■ PROMPT: Please give the lines below again exactly as they stand, from the one that contains "Cannabinoid Receptor CB1" up to and including the one that contains "기미 원인, 증상, 종류, 치료, 예방 그리고 주근깨와 차이", leaving all pictures out.

■ EXERCISE DATA:

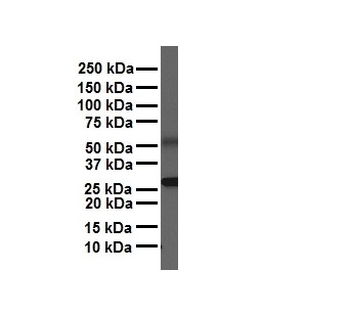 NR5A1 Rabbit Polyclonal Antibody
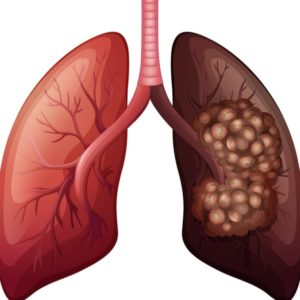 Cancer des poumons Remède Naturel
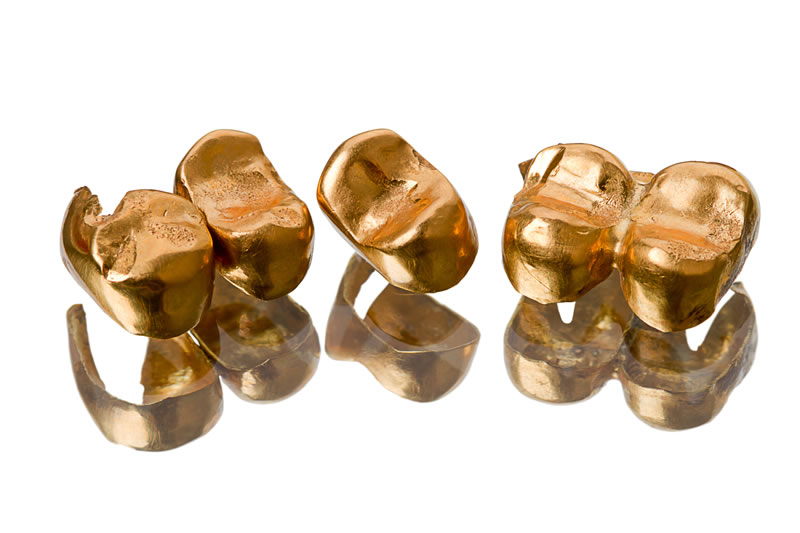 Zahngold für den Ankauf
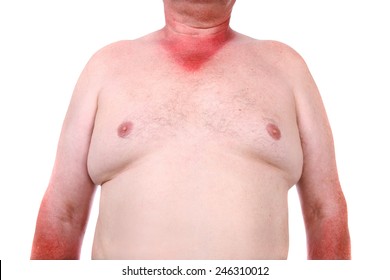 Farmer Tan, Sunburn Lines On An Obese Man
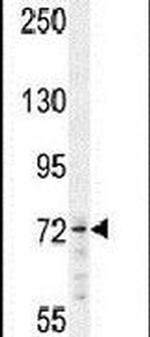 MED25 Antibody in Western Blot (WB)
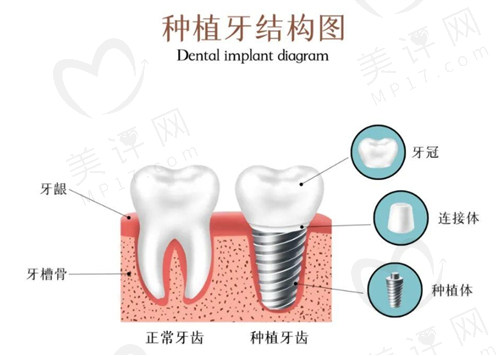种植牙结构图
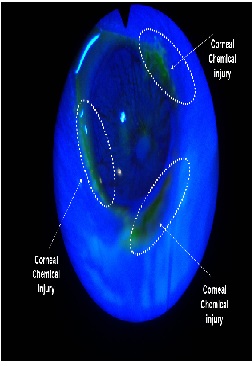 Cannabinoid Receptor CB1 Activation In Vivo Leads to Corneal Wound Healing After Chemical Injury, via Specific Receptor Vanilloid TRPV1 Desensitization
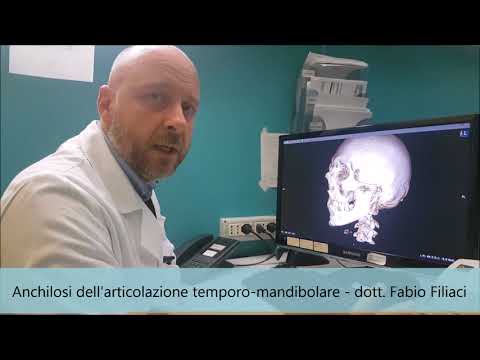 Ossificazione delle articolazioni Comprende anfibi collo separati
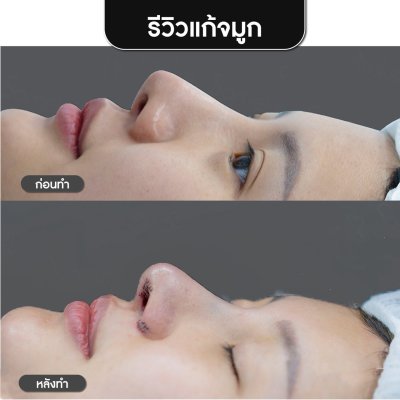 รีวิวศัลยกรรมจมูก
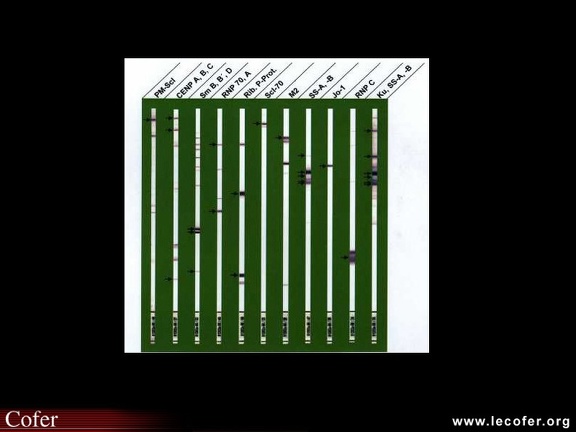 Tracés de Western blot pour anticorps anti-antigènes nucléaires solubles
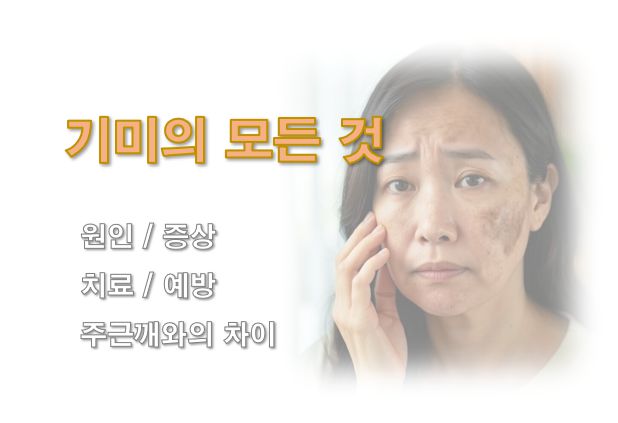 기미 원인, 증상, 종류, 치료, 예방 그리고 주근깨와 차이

...

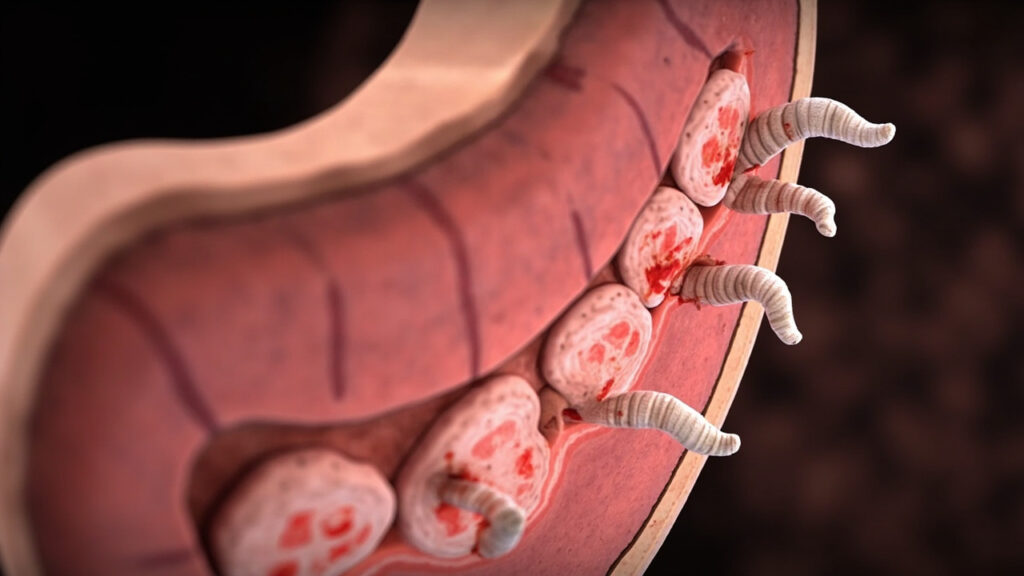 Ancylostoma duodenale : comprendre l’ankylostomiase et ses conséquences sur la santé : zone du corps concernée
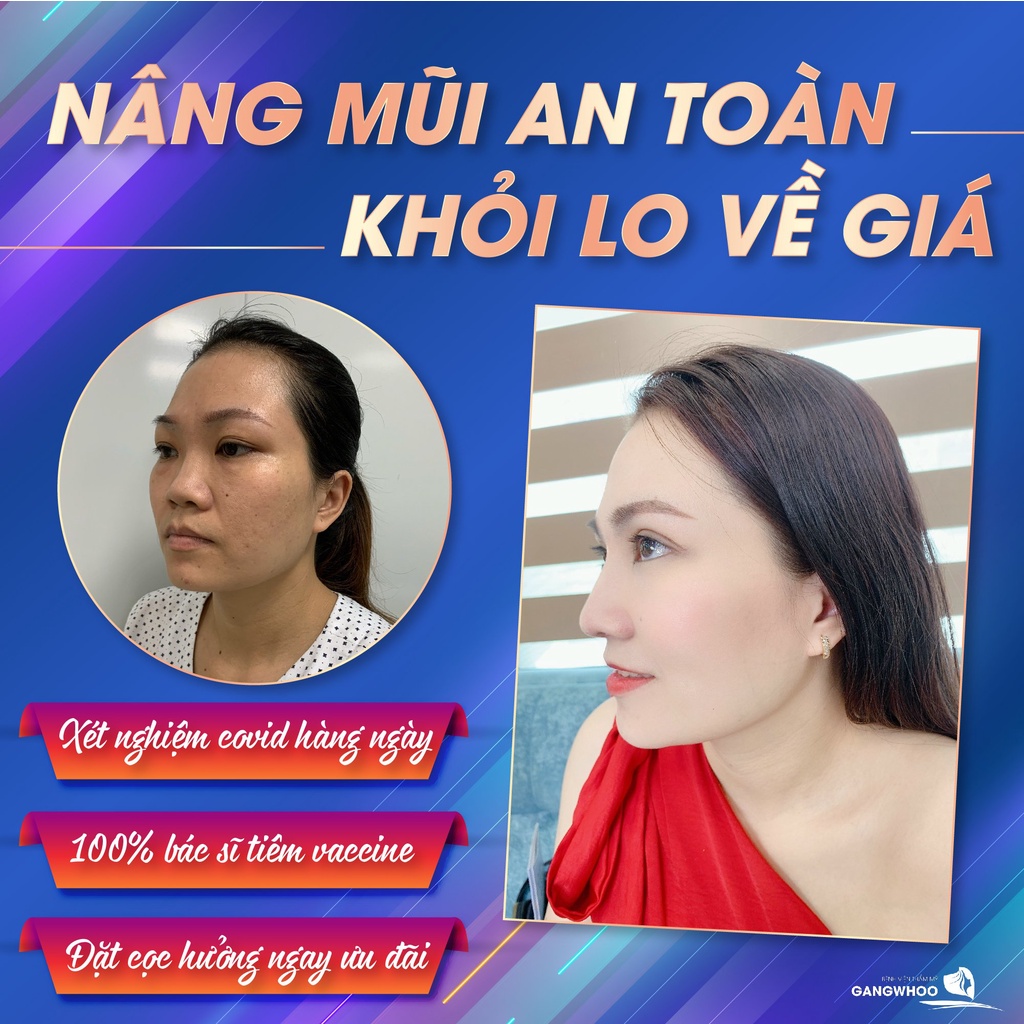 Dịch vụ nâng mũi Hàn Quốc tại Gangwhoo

--

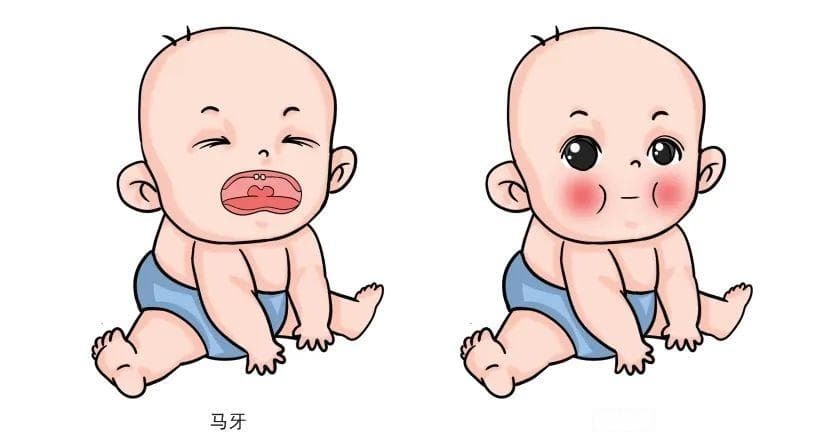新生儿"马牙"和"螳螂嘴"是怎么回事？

■ RESPONSE TO THIS TASK:
 Cannabinoid Receptor CB1 Activation In Vivo Leads to Corneal Wound Healing After Chemical Injury, via Specific Receptor Vanilloid TRPV1 Desensitization
 Ossificazione delle articolazioni Comprende anfibi collo separati
 รีวิวศัลยกรรมจมูก
 Tracés de Western blot pour anticorps anti-antigènes nucléaires solubles
 기미 원인, 증상, 종류, 치료, 예방 그리고 주근깨와 차이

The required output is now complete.